▶ _About this task_
Set down, please, exactly the lines below that run from the line with "Casa à venda com 260m², 5 quartos e 3 vagas Casa" to the line with "Jaques & Son", both lines included.

▶ _Source information_
-=-=-

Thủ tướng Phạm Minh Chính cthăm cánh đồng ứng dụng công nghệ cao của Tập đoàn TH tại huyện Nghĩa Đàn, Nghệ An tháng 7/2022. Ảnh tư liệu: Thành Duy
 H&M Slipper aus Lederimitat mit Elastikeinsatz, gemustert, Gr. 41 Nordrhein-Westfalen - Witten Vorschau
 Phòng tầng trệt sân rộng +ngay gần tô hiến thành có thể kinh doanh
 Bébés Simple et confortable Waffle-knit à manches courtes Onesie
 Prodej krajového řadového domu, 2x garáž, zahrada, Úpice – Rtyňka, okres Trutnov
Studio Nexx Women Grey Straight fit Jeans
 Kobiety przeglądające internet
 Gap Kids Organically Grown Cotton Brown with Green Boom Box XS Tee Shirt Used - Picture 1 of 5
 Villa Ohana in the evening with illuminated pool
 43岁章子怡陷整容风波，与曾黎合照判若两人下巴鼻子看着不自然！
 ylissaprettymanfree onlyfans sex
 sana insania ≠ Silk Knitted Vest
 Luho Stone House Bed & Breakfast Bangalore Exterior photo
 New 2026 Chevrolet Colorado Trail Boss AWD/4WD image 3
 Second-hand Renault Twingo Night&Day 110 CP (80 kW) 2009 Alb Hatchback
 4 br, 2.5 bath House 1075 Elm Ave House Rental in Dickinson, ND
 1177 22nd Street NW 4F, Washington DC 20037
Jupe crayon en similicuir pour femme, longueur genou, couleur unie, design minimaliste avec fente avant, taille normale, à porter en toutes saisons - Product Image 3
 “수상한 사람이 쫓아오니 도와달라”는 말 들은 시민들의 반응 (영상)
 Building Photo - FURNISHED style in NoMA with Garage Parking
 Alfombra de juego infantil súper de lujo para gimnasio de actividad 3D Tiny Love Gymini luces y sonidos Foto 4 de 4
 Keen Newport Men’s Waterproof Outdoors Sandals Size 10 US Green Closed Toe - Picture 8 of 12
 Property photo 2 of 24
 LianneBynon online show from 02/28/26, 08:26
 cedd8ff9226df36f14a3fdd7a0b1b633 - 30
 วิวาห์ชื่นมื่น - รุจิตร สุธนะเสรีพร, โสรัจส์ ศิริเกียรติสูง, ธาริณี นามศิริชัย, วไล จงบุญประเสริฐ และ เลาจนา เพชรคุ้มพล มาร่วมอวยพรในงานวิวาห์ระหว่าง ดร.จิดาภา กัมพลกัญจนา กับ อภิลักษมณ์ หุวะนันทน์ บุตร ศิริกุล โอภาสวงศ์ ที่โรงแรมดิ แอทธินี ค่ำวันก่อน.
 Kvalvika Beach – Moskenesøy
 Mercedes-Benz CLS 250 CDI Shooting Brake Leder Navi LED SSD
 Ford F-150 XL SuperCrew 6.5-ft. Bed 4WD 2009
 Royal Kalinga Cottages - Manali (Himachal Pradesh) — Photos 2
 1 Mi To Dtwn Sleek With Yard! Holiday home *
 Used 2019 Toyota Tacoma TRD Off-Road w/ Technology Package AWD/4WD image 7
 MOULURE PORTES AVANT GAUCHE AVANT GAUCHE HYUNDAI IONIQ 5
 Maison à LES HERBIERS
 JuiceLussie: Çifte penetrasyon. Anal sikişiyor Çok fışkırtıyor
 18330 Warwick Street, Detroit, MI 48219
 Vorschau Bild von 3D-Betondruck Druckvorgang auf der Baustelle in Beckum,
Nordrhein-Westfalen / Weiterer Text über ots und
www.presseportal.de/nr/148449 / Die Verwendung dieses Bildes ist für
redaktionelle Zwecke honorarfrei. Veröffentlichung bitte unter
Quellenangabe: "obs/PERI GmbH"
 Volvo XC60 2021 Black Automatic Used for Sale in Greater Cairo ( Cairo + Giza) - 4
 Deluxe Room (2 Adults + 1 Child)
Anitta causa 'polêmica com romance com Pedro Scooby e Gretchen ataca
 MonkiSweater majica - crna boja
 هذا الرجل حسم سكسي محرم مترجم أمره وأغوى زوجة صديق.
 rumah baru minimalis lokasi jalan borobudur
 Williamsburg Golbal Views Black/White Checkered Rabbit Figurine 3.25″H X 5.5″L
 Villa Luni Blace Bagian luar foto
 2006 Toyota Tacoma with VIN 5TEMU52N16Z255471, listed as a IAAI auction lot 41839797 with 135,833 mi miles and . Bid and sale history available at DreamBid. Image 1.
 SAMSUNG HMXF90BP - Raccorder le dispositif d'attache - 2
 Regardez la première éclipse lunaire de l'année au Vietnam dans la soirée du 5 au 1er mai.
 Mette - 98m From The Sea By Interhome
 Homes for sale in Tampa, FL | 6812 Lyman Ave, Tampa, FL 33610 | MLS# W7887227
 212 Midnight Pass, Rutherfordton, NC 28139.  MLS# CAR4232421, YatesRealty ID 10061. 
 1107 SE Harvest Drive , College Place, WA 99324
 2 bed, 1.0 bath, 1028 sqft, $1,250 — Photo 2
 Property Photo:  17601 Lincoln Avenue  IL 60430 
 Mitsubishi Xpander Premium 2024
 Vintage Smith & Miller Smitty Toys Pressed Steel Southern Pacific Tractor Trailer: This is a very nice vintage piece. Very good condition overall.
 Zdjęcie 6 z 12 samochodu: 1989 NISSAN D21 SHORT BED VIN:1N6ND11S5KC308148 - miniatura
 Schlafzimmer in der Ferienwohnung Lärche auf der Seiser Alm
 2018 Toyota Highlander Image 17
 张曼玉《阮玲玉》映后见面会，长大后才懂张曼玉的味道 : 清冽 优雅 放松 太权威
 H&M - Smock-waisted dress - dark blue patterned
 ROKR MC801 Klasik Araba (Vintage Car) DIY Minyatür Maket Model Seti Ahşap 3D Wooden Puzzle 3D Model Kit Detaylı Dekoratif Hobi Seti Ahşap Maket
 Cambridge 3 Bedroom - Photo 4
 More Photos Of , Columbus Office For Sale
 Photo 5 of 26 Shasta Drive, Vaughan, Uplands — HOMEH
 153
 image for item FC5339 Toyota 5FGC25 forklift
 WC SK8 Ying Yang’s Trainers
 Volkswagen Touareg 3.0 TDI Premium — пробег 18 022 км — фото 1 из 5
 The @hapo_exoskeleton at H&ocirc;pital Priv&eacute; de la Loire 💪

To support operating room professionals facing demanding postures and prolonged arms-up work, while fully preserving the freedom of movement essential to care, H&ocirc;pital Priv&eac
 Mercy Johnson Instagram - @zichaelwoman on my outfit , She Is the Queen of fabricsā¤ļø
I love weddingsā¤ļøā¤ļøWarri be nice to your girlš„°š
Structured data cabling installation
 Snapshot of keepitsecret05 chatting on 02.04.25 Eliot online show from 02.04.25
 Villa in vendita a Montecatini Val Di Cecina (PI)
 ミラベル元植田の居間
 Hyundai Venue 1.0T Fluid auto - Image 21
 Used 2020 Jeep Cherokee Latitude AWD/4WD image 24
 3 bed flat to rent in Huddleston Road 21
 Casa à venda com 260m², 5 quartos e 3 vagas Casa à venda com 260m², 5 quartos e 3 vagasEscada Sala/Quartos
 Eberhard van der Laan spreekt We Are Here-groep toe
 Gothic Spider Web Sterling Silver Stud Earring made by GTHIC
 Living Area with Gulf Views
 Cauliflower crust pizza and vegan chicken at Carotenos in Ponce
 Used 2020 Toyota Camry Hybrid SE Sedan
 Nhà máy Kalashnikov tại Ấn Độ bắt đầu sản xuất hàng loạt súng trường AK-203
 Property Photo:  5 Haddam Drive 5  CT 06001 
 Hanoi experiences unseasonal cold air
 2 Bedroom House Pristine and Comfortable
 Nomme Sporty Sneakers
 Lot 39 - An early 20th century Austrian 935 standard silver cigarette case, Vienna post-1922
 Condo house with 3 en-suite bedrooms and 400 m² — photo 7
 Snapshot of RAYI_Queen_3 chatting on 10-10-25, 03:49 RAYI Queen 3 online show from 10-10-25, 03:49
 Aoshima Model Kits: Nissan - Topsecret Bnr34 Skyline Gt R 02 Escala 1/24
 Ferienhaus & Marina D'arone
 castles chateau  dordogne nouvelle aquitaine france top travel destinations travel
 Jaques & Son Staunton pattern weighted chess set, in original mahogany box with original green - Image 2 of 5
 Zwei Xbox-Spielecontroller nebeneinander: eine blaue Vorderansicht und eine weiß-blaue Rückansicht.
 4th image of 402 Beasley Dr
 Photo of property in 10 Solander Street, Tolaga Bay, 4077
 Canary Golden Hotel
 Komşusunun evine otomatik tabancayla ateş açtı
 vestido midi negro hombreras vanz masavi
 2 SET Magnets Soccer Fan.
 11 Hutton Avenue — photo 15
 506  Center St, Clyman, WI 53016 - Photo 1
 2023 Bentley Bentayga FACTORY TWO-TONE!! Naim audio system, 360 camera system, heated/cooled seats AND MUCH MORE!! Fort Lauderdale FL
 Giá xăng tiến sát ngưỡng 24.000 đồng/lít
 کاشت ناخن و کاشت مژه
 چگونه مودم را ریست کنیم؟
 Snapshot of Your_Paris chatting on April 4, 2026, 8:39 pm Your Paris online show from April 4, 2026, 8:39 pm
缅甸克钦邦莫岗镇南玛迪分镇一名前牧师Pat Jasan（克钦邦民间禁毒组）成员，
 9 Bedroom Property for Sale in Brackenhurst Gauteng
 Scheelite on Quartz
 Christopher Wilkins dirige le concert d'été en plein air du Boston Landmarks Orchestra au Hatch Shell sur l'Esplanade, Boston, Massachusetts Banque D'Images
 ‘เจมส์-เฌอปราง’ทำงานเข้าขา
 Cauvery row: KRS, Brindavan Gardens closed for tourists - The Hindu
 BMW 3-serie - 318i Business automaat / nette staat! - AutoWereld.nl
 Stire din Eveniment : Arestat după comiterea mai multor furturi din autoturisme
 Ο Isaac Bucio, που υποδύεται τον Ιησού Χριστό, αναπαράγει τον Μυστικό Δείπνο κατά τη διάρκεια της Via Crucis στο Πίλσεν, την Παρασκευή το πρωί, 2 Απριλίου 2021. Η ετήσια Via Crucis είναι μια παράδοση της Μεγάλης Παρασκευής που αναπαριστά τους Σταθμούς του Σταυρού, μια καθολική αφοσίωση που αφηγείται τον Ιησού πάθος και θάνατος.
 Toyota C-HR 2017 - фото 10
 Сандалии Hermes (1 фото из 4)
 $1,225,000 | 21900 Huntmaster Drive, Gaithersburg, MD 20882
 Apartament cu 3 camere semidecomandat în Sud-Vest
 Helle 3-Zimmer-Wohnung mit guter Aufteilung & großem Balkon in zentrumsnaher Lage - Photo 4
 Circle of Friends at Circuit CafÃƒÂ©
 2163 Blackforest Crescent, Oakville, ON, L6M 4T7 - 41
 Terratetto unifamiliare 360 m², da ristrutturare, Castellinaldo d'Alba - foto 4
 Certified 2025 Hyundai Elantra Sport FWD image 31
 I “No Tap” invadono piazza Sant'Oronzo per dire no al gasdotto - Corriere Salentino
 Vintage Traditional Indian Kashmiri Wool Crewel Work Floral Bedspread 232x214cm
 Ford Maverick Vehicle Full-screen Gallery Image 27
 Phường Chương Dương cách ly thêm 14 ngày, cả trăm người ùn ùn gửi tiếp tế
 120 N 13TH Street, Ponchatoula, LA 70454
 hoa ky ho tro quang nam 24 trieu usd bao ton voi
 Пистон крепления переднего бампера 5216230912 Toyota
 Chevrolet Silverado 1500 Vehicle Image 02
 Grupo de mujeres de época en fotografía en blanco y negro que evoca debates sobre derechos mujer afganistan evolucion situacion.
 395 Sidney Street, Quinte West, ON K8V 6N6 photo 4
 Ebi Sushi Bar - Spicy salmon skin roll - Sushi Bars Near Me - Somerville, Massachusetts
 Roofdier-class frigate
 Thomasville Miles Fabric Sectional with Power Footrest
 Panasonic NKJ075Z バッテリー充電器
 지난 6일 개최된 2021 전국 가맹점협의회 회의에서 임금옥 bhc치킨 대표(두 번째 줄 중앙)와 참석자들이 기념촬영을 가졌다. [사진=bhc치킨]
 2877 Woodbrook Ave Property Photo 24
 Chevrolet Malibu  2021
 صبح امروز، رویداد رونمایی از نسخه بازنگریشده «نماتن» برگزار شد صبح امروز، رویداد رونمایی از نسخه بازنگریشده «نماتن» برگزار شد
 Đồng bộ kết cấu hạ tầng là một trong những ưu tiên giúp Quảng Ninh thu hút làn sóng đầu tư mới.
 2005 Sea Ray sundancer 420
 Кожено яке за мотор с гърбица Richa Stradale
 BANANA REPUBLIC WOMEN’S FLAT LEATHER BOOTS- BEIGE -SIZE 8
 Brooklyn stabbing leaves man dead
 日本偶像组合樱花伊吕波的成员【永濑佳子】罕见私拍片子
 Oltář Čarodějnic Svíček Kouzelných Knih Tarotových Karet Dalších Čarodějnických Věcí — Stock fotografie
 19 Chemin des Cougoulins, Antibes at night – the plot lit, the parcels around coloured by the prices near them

-=-=-

▶ _Result_
 Casa à venda com 260m², 5 quartos e 3 vagas Casa à venda com 260m², 5 quartos e 3 vagasEscada Sala/Quartos
 Eberhard van der Laan spreekt We Are Here-groep toe
 Gothic Spider Web Sterling Silver Stud Earring made by GTHIC
 Living Area with Gulf Views
 Cauliflower crust pizza and vegan chicken at Carotenos in Ponce
 Used 2020 Toyota Camry Hybrid SE Sedan
 Nhà máy Kalashnikov tại Ấn Độ bắt đầu sản xuất hàng loạt súng trường AK-203
 Property Photo:  5 Haddam Drive 5  CT 06001 
 Hanoi experiences unseasonal cold air
 2 Bedroom House Pristine and Comfortable
 Nomme Sporty Sneakers
 Lot 39 - An early 20th century Austrian 935 standard silver cigarette case, Vienna post-1922
 Condo house with 3 en-suite bedrooms and 400 m² — photo 7
 Snapshot of RAYI_Queen_3 chatting on 10-10-25, 03:49 RAYI Queen 3 online show from 10-10-25, 03:49
 Aoshima Model Kits: Nissan - Topsecret Bnr34 Skyline Gt R 02 Escala 1/24
 Ferienhaus & Marina D'arone
 castles chateau  dordogne nouvelle aquitaine france top travel destinations travel
 Jaques & Son Staunton pattern weighted chess set, in original mahogany box with original green - Image 2 of 5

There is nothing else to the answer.